Despite attempts to address common limitations like model complexity, overfitting, data quality, and training time complexity, this study, exploring various deep learning architectures and embedding techniques, continues to encounter significant challenges and constraints warranting future investigation. These include the intricacies of multilingual support, transfer learning, and transformer models such as BERT, the imperative to capture temporal dynamics and contextual nuances, particularly in languages with intricate contextual and morphological structures like Turkish, as well as the necessity for robust domain adaptation strategies to ensure generalizability across diverse domains. Furthermore, there is a pressing need to explore the practical application of these methodologies in real-time and real-world scenarios.

7 Conclusion

This work conducted a comprehensive evaluation of embedding approaches in the domain of Turkish sentiment analysis, which is characterized by the distinctive difficulties posed by the grammatical complexities of the Turkish language. By employing three pre-trained embedding techniques, namely GloVe, Word2Vec, and FastText, in addition to a hybrid method that combines character and word embedding, has shed light on the ever-changing field of sentiment analysis in Turkish text processing. Our investigation has shown that by combining advanced embedding techniques such as Word2Vec, GloVe, FastText, and novel character-level methods like character-integer and one-hot encoding embedding, with deep learning models such as LSTM, CNN, BiLSTM, and innovative hybrid architectures (i.e., CNN-BiLSTM, BiLSTM-CNN, and CNN-LSTM), we can effectively address the unique challenges of Turkish sentiment analysis.
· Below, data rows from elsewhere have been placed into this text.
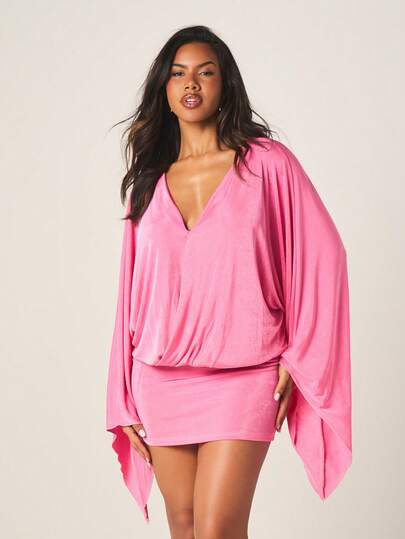 MISSGUIDED 女士粉色深V领裹身式超大泡泡袖迷你连衣裙，垂褶鸡尾酒会晚宴修身雪纺款式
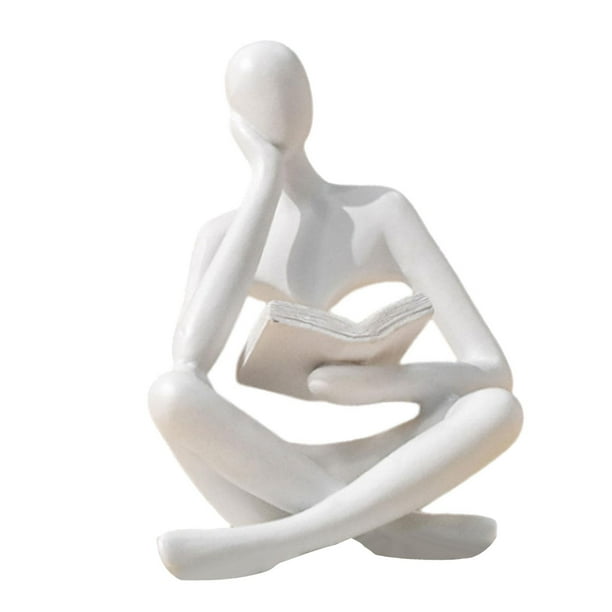 Thinker estatua decoración adornos artesanías figuras estilo nórdico coleccionables resina escultura arte figurita para regalo estante estudio hogar 85 cm x 6 cm x 115 cm Macarena Figura Lector abstracto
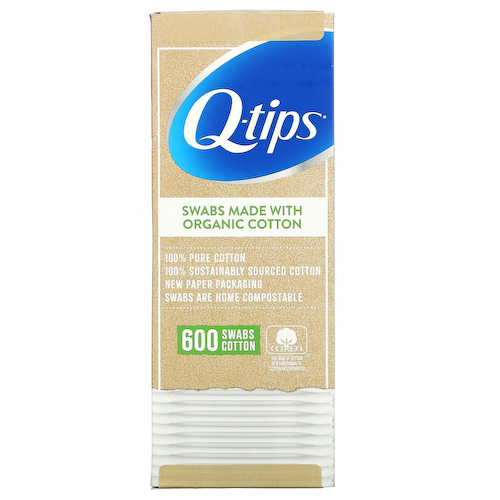Q-tips, Органические ватные палочки, 600 тампонов #1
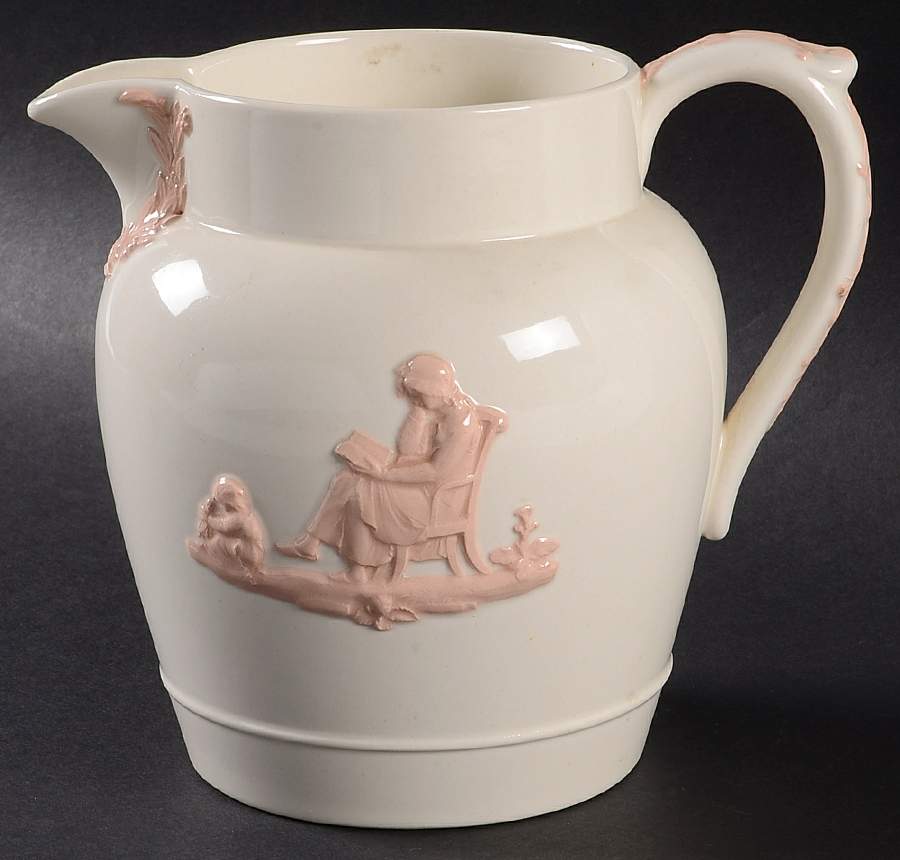 Pink On Cream Color (Plain edge) 32 Oz Pitcher by Wedgwood-1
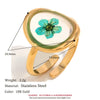 Simple Allmatch Popular Bracelet And Ring Stainless Steel Electroplated 18K Gold Green Dried Flower Acrylic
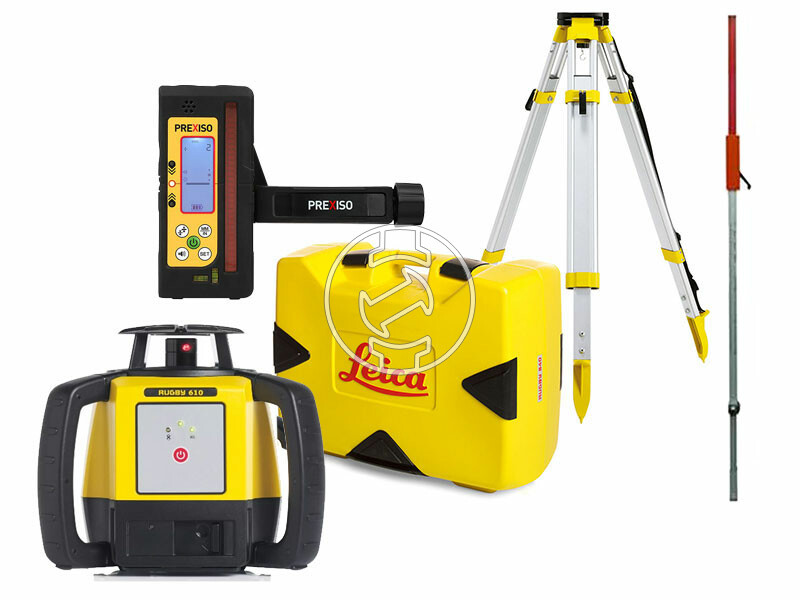 Leica Rugby 610 forgólézer + Prexiso PLR300RG + CTP104 állvány + felxibilis léc csomag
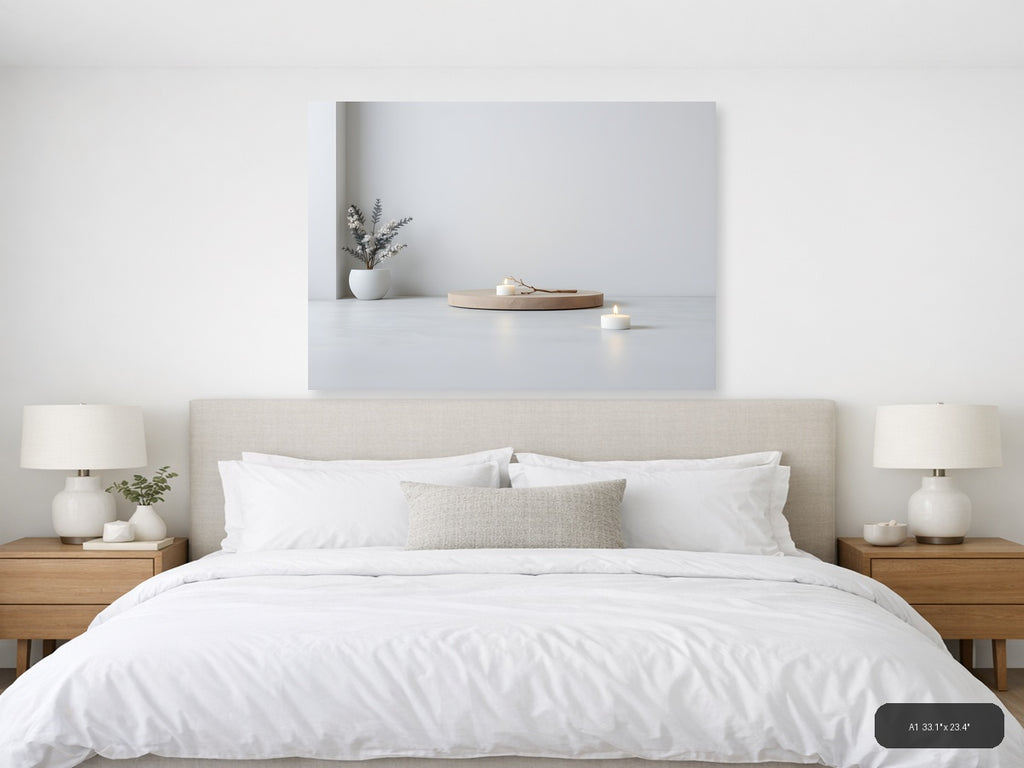 Minimalist Still Life with White Vase and Candles Wall Art — A1 / Bedroom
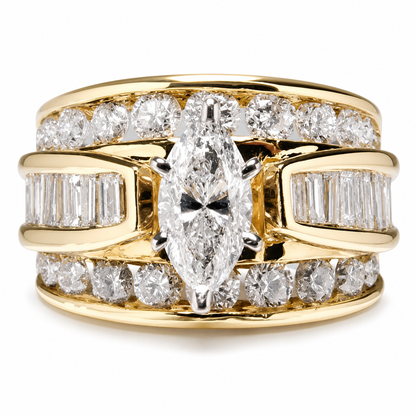 💍 Damenring mit Zirkonia im Marquise-Schliff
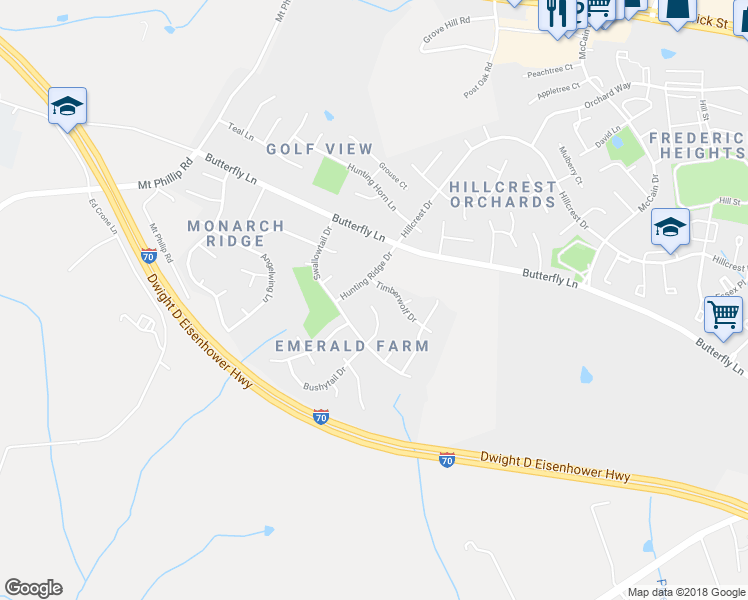 map of restaurants, bars, coffee shops, grocery stores, and more near 600 Bushytail Drive in Frederick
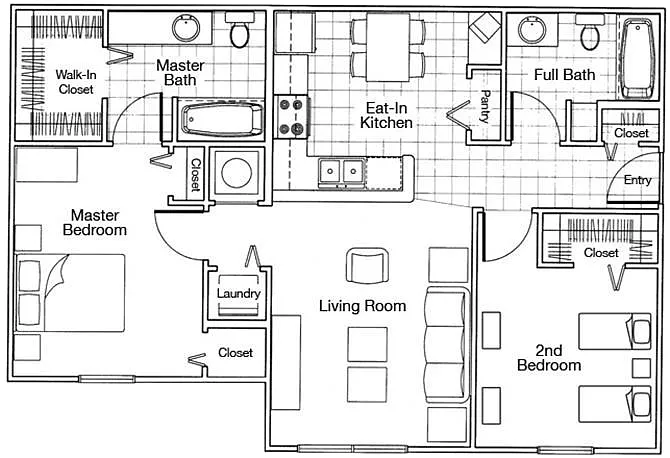 Floor plan Two Bedroom Two bathroom 60%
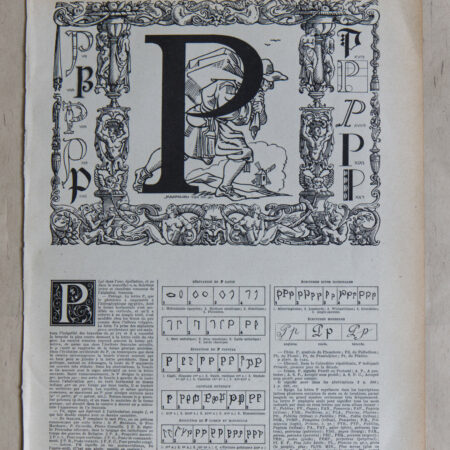 Planche originale de 1932 illustrée sur la typographie de la lettre P | Maximilien Vox (1894)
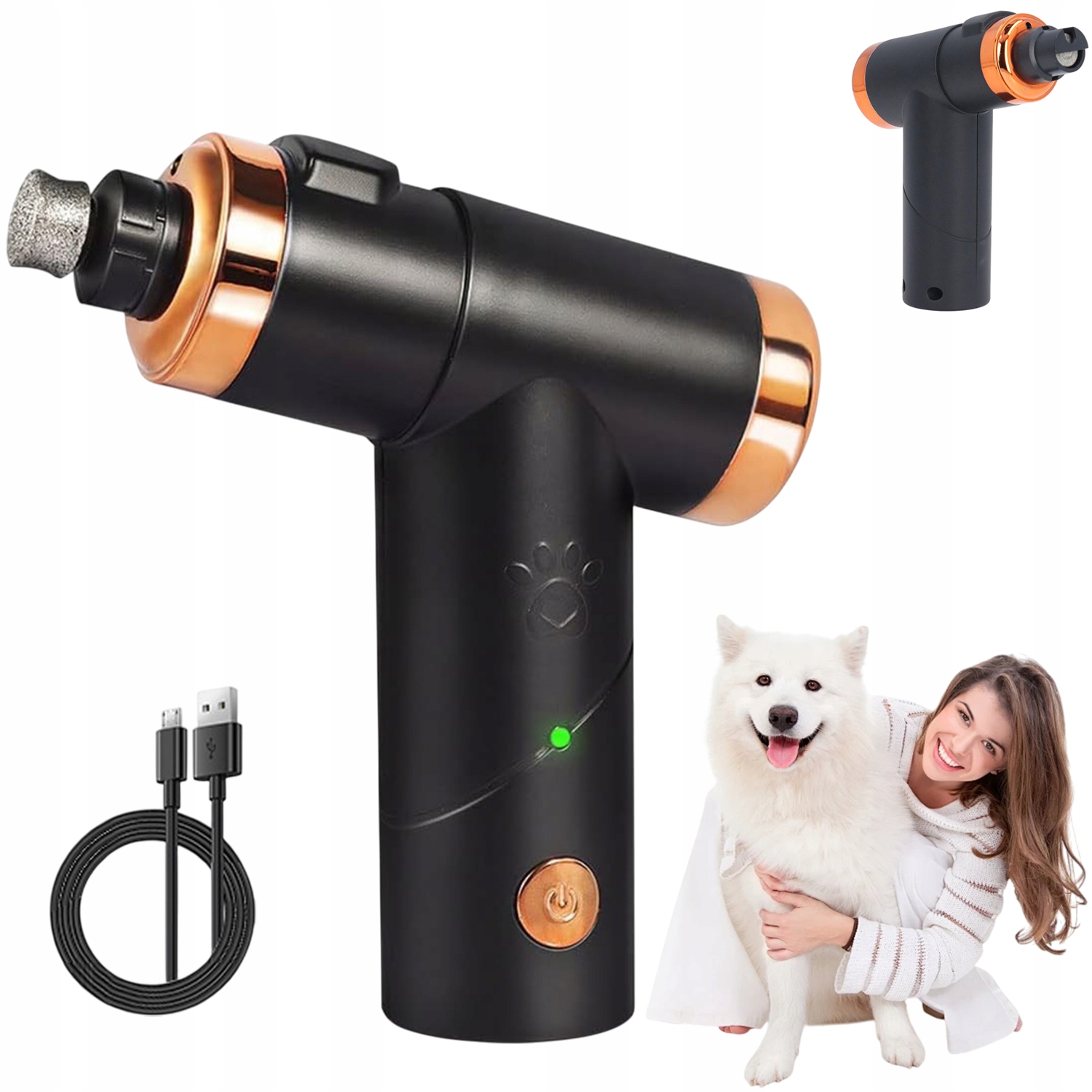 Levně Kleštičky Na Nehty Pro Psy Bezdrátové, Nízké Vibrace, Led Trimmer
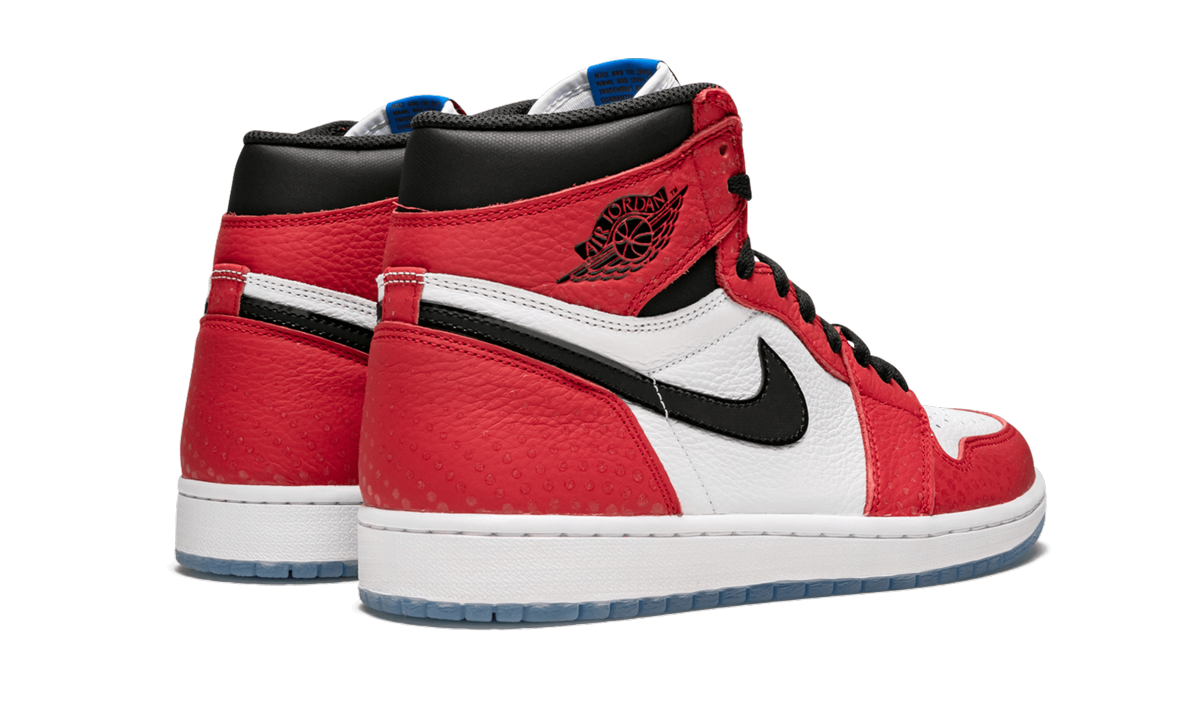 jordan 1 retro high spider man origin story+555088-602+diagnol right behind view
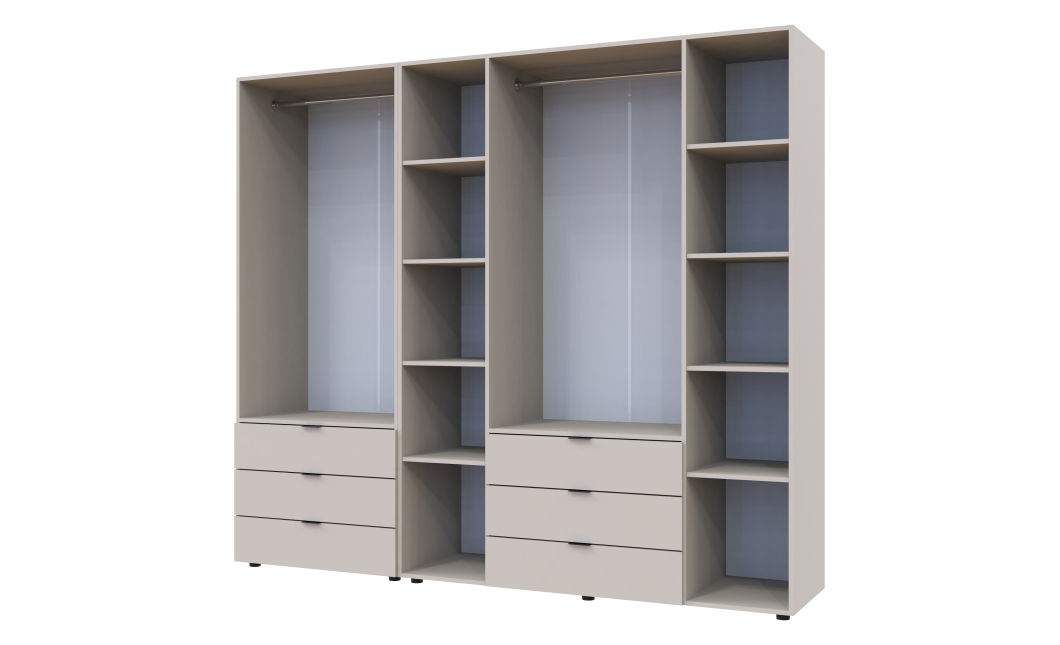 Kleiderschrank Doros Gelar Set mit Drehtüren Kaschmir 2+4 Türen 232,5x49,5x203,4 (80737639)
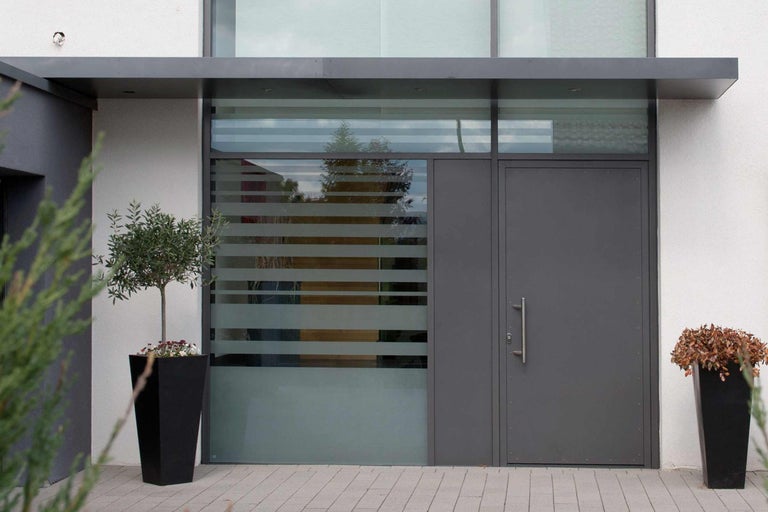 Moderné vchodové dvere s bočným panelom a svetlíkom, doplnené kvetináčmi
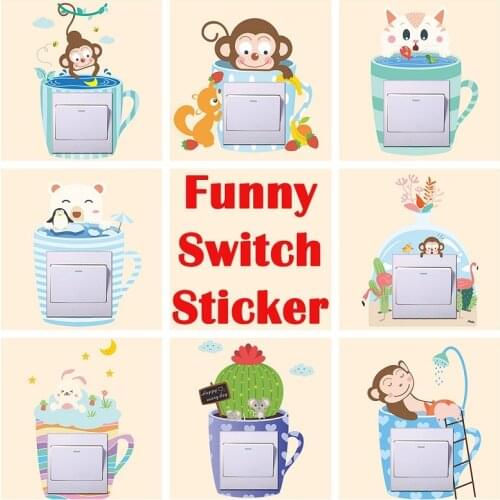 Cute Animals In Cup Pattern Switch Stickers For Kids Room Home Decoration Cartoon Monkey Cat Bunny Mural Art Pvc Decal Poster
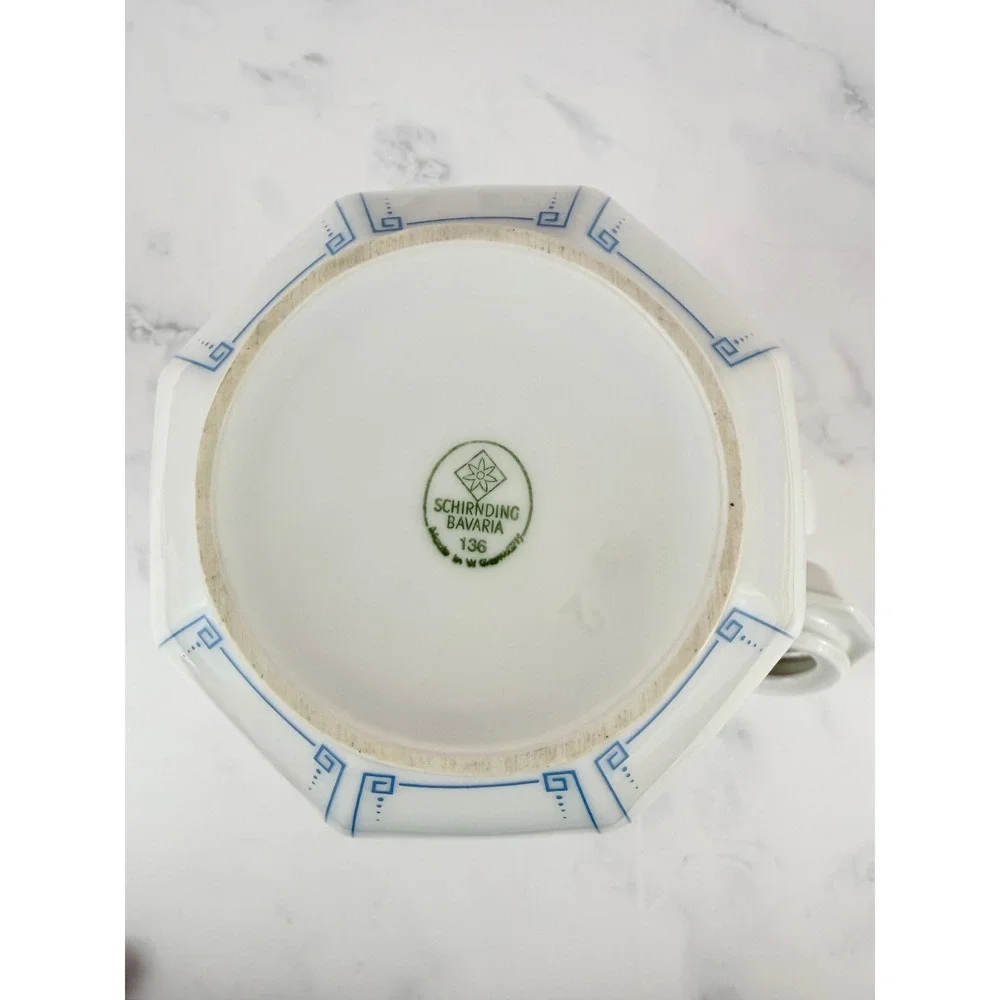 Schirnding Bavaria MCM Blue Greek Key Teapot and Lid 9 1/4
The experimental results demonstrate the greater ability of FastText to handle textual elements and the revolutionary dual-pathway architecture’s capability for sophisticated sentiment analysis. The results of this study provide practical recommendations for professionals, indicating that utilizing both character and word embedding can significantly enhance sentiment analysis in languages with intricate morphologies. The practical implications of these improvements are extensive, incorporating the improvement of customer feedback analysis and the enhancement of social media monitoring systems. As a result, a more comprehensive understanding of public viewpoints is provided.

It is crucial to note that our study encounters significant obstacles when investigating alternative deep learning architectures and embedding strategies. These include multilingual support, transfer learning, transformer-based models such as BERT, and the requirement for robust domain adaptation strategies. Furthermore, there is an urgent need to examine the actual use of these approaches in real-time circumstances. Recognizing the computing challenges, future research will focus on optimizing the efficiency of these models, to increase their utility in real-world settings while minimizing computational resources.